Thank you very much for this very informative article providing many links, the Python code, and the results.

According the mentioned paper from Owens + Filkin the speedup expected by using a stiff ODE solver should be two to 1,000. So your results demonstrate that the number of iterations clearly is way less than for gradient descent and all its variants. Unfortunately, the run times reported are way slower than for gradient descent. This was not expected.

The following factors could play a role in this:

  1. All the methods search for a local minimum (gradient should be zero, Hessian is not checked or known). They do not necessarily find a global minimum. So when these different methods are run, they each probably iterate towards different local minima. So each methods likely has done something different.

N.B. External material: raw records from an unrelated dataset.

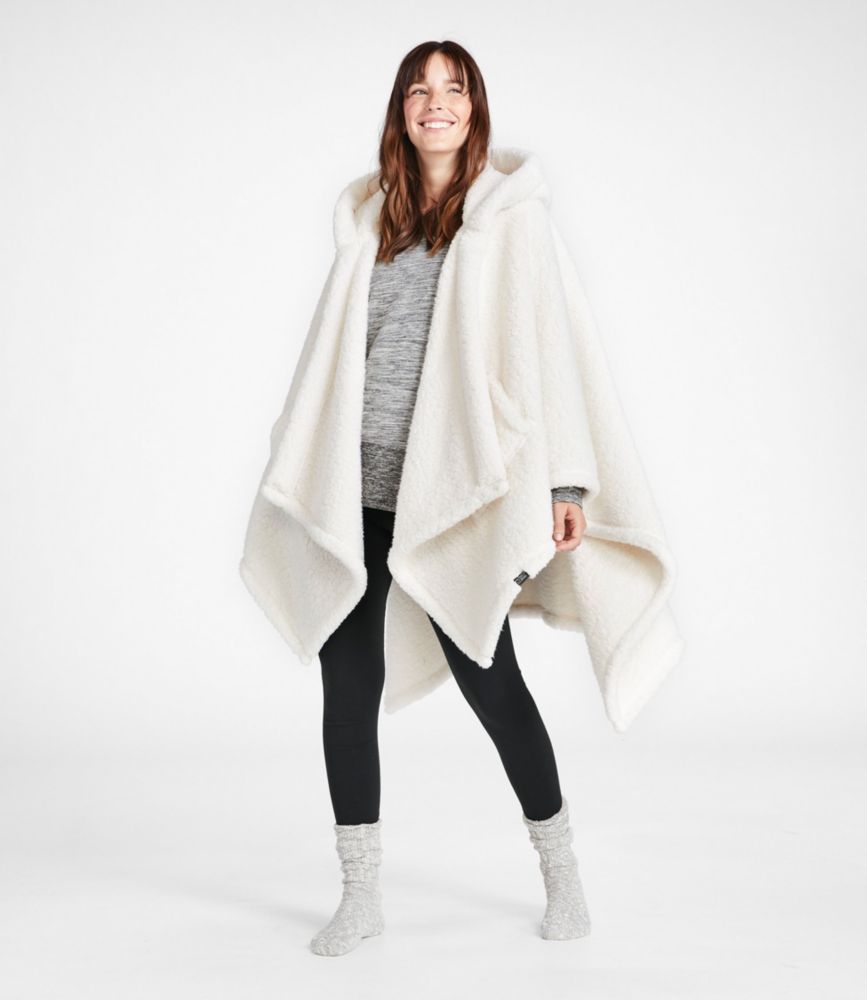 Cozy Sherpa Wearable Throw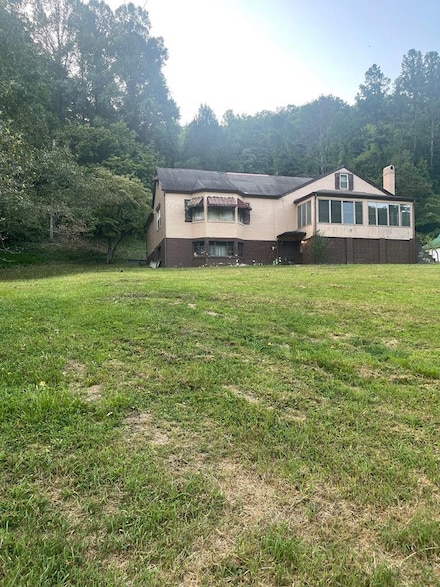 98 & 96 Dans Crossing, Whitesburg, KY 41858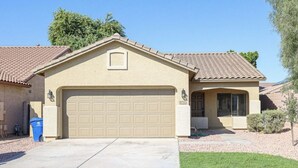 A single-story house with a beige facade, a brown tiled roof, and a garage. - 3-bedroom house with TVs, grill, private pool and WiFi in wonderful Avondale (Avondale)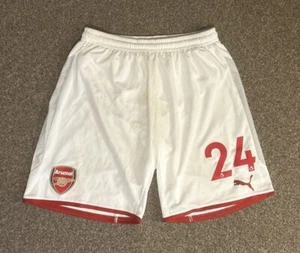 Hector Bellerin Matchworn/Issued Arsenal FC 2017/18 Home Kit Shorts, Medium, VGC - Picture 1 of 5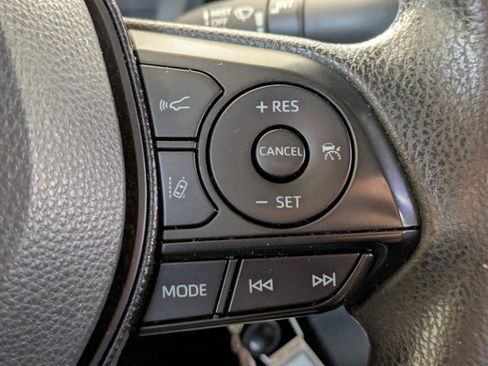 Used 2020 Toyota Corolla LE FWD image 6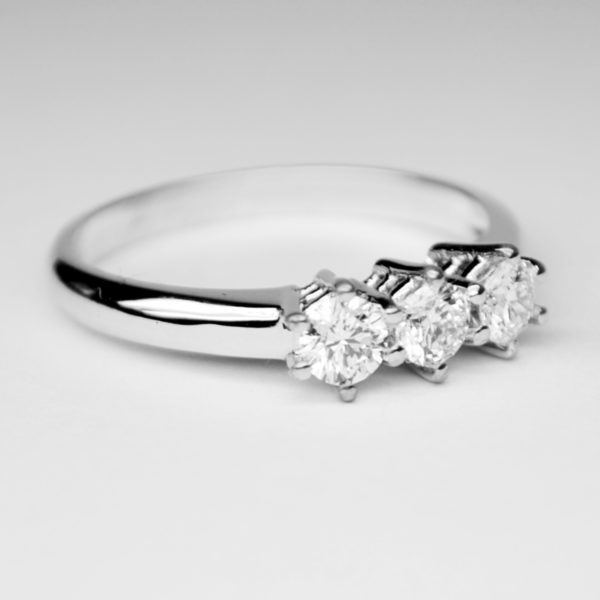 Anello Trilogy 0,60 carati (H-VS2)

  2. I wonder why you have used the zvode solver from scipy.integrate. I would recommend vode, or even better lsoda. Your chosen tolerances are quite high (atol=1e-8, rtol=1e-6), at least for the beginning. These high tolerances may force smaller step-sizes than actually required. In particular, as the start-values are random, there seems to be no compelling reason to use these strict tolerances right from the start. Also it is known, that strict tolerances might lead the ODE code to use higher order BDF which in turn are not stable enough for highly stiff ODEs. Only BDF up to order 2 are A-stable. So atol=1e-4, rtol=1e-4 might show different behaviour.
  3. Although it is expected that the resulting ODE is stiff, it might be the case that in your particular setting the system was only very mildly stiff. Your charts give some indications of that, at least in the beginning. This can be checked by simply re-running with a non-stiff code, e.g., like dopri5. Again with lower tolerances.

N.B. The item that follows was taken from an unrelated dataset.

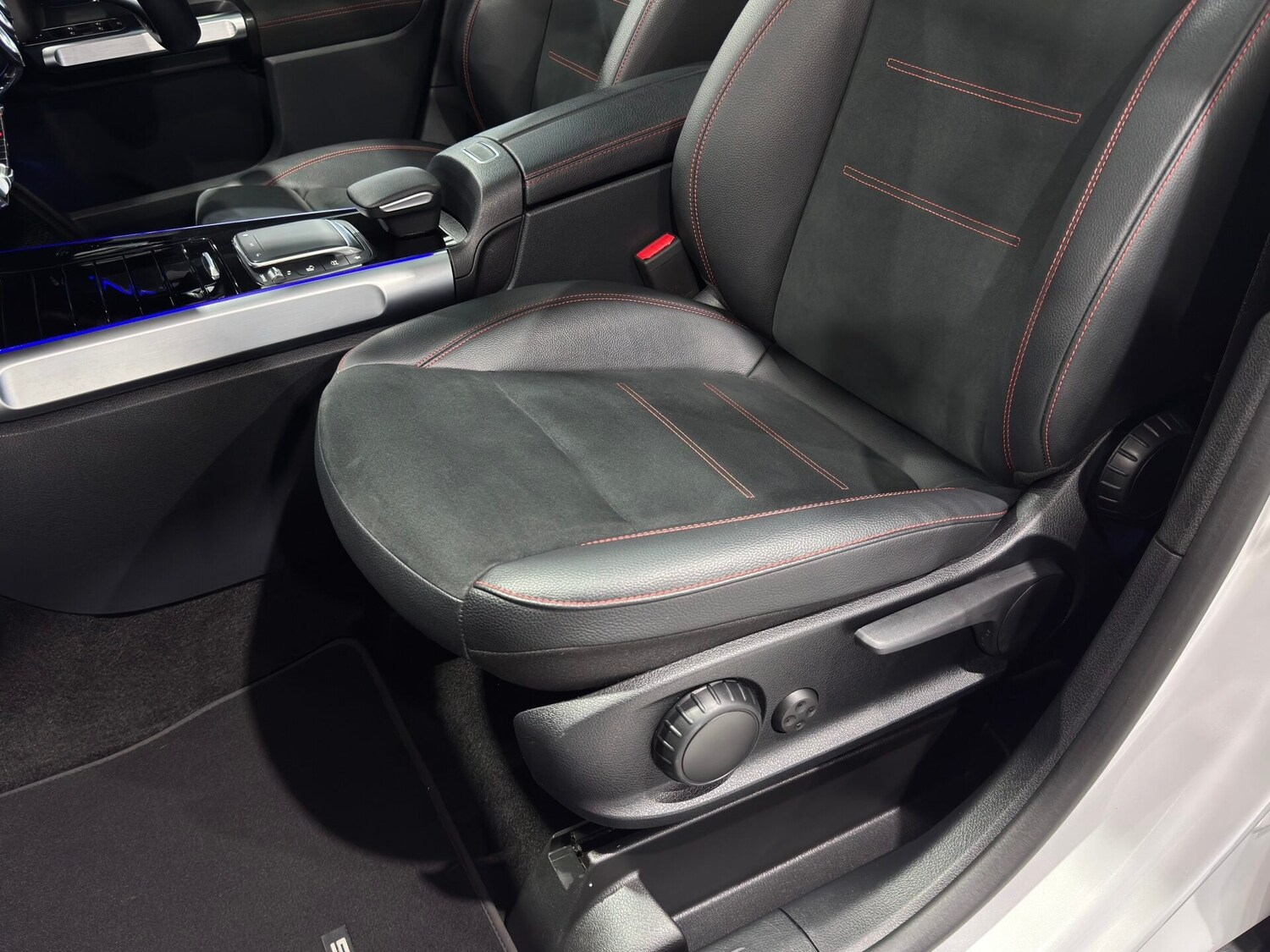 Used Mercedes-Benz GLB 2022 for sale - 77368097: Photo 42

  4. As can be seen in your chart, above learning accuracy of 80% the ODE solver takes a huge number of steps. It would be interesting to know whether at this stage there are many Jacobian evaluations for the ODE solver, or whether there are many rejected steps due to Newton convergence failures within the ODE code.

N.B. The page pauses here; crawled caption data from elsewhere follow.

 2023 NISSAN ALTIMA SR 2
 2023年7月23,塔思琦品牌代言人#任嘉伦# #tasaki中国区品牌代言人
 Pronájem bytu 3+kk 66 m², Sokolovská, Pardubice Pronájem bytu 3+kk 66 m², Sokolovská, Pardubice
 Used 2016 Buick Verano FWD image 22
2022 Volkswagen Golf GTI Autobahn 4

  5. scipy.integrate apparently does not allow for automatic differentiation. Therefore the ODE solver must resort to numerical differencing for evaluating the Jacobian, which is very slow. So using something like Zygote might improve here.

I always wondered why the findings from Owens+Filkin were not widely adopted. Your paper provides an answer, although a negative one. Taking into account the above points, I still have hope that stiff ODE solvers have great potential for machine learning with regard to performance. You already mentioned that ODE solvers provide the benefit that hyperparameters no longer need to be estimated.